─── RECORDS SUPPLIED

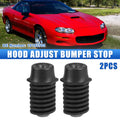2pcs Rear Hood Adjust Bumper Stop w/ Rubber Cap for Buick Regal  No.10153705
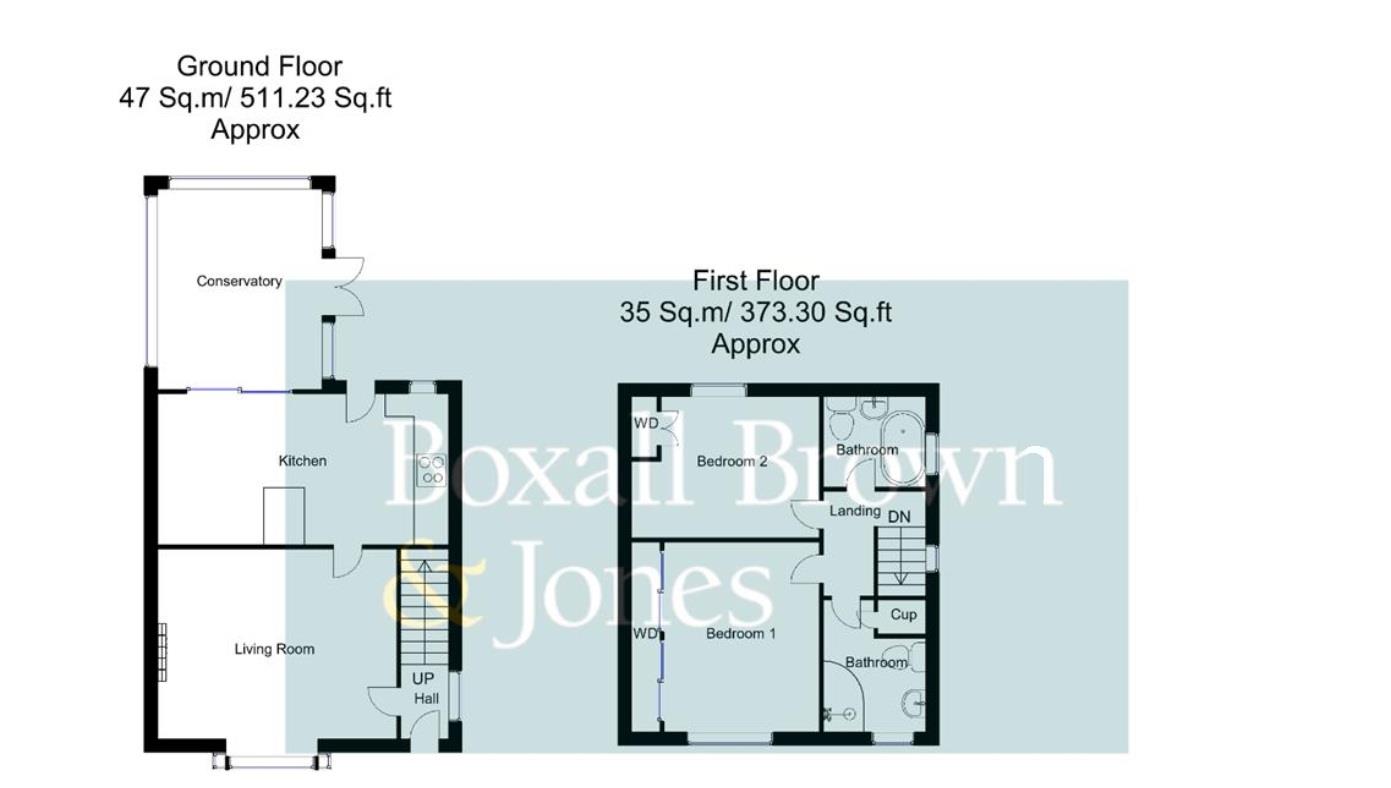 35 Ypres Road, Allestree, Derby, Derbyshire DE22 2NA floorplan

──────
─── RECORDS SUPPLIED

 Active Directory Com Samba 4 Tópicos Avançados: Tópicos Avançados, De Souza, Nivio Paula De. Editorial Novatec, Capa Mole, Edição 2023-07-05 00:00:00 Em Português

──────
─── RECORDS SUPPLIED

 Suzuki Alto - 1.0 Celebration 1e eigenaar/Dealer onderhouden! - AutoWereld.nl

──────

• PROBLEM TO WORK ON: In the records above, everything from the line with "2pcs Rear Hood" down to the line with "35 Ypres Road, Allestree, Derby, Derbyshire" is to be set down exactly, both ends included, with no pictures and no other lines.

• YOUR SOLUTION:
2pcs Rear Hood Adjust Bumper Stop w/ Rubber Cap for Buick Regal  No.10153705
 35 Ypres Road, Allestree, Derby, Derbyshire DE22 2NA floorplan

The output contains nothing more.